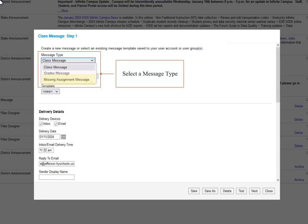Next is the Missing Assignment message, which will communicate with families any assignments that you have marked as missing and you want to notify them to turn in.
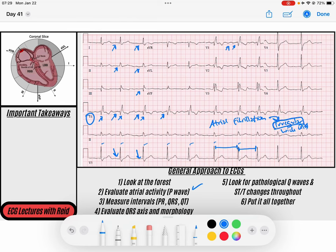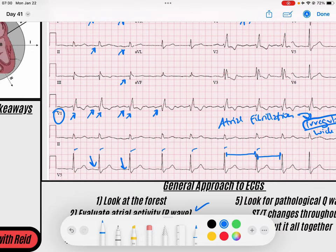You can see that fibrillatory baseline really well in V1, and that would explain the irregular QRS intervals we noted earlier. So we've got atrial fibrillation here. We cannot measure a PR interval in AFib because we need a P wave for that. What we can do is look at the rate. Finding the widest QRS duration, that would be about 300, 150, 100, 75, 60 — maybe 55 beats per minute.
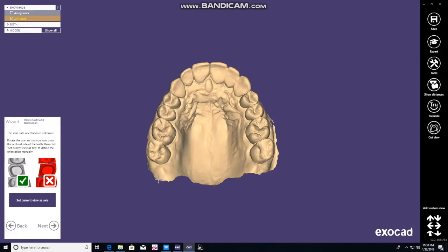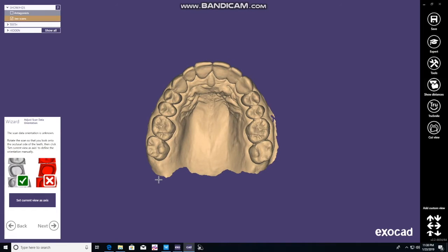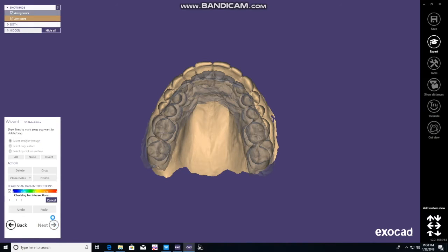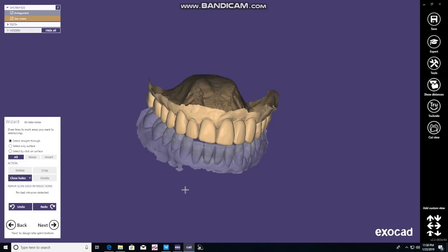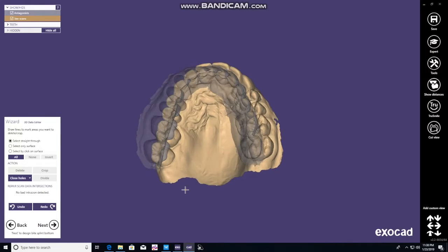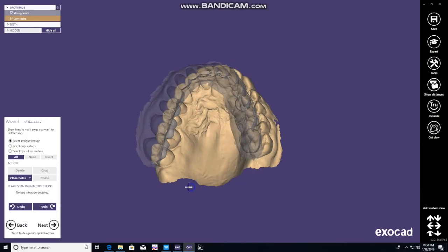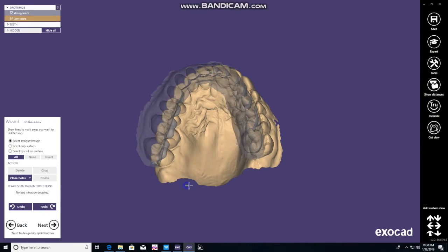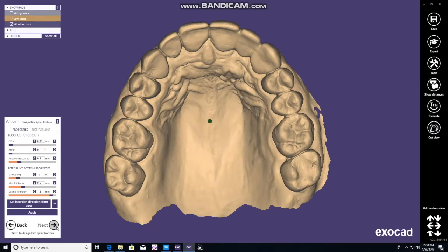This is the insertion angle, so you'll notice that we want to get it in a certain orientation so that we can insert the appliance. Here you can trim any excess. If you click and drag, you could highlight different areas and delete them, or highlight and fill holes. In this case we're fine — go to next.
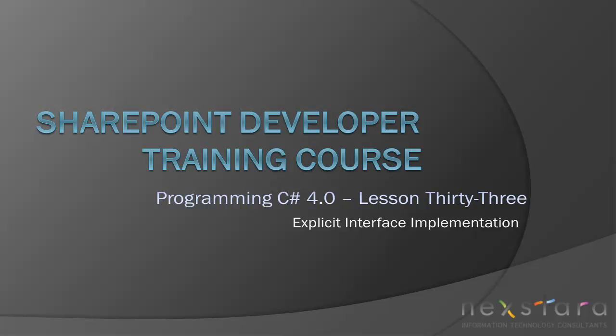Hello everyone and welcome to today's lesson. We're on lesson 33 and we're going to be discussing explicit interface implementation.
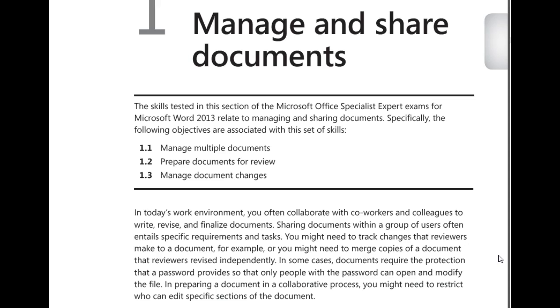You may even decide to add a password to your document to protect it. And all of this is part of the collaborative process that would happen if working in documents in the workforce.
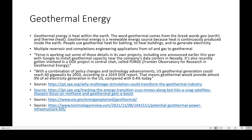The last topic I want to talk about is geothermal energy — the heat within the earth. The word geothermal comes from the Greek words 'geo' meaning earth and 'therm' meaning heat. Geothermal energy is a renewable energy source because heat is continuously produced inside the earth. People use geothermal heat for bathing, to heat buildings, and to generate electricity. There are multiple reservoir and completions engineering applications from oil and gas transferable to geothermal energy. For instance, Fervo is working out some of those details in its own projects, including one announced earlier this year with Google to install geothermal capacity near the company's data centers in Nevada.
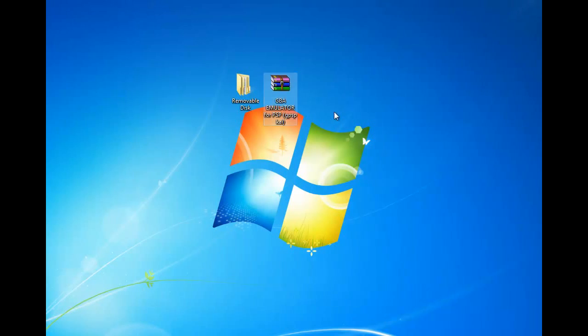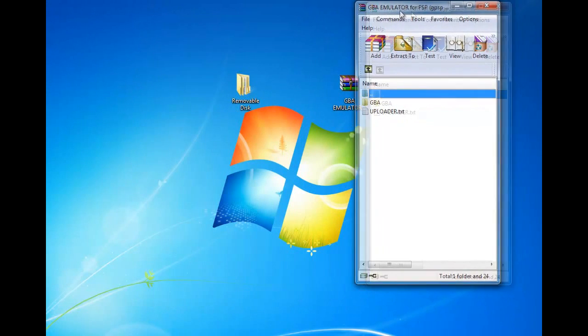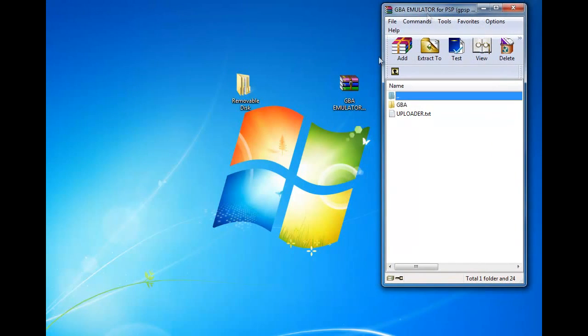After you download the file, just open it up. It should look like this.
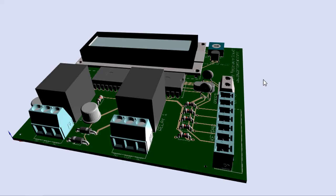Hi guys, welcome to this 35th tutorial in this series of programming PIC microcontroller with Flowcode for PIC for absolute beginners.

◇ ◇ ◇ ◇ ◇

» Task prompt
Print the records again exactly, pictures excluded.

» Response box
Next is the Missing Assignment message, which will communicate with families any assignments that you have marked as missing and you want to notify them to turn in.
You can see that fibrillatory baseline really well in V1, and that would explain the irregular QRS intervals we noted earlier. So we've got atrial fibrillation here. We cannot measure a PR interval in AFib because we need a P wave for that. What we can do is look at the rate. Finding the widest QRS duration, that would be about 300, 150, 100, 75, 60 — maybe 55 beats per minute.
This is the insertion angle, so you'll notice that we want to get it in a certain orientation so that we can insert the appliance. Here you can trim any excess. If you click and drag, you could highlight different areas and delete them, or highlight and fill holes. In this case we're fine — go to next.
Hello everyone and welcome to today's lesson. We're on lesson 33 and we're going to be discussing explicit interface implementation.
You may even decide to add a password to your document to protect it. And all of this is part of the collaborative process that would happen if working in documents in the workforce.
The last topic I want to talk about is geothermal energy — the heat within the earth. The word geothermal comes from the Greek words 'geo' meaning earth and 'therm' meaning heat. Geothermal energy is a renewable energy source because heat is continuously produced inside the earth. People use geothermal heat for bathing, to heat buildings, and to generate electricity. There are multiple reservoir and completions engineering applications from oil and gas transferable to geothermal energy. For instance, Fervo is working out some of those details in its own projects, including one announced earlier this year with Google to install geothermal capacity near the company's data centers in Nevada.
After you download the file, just open it up. It should look like this.
Hi guys, welcome to this 35th tutorial in this series of programming PIC microcontroller with Flowcode for PIC for absolute beginners.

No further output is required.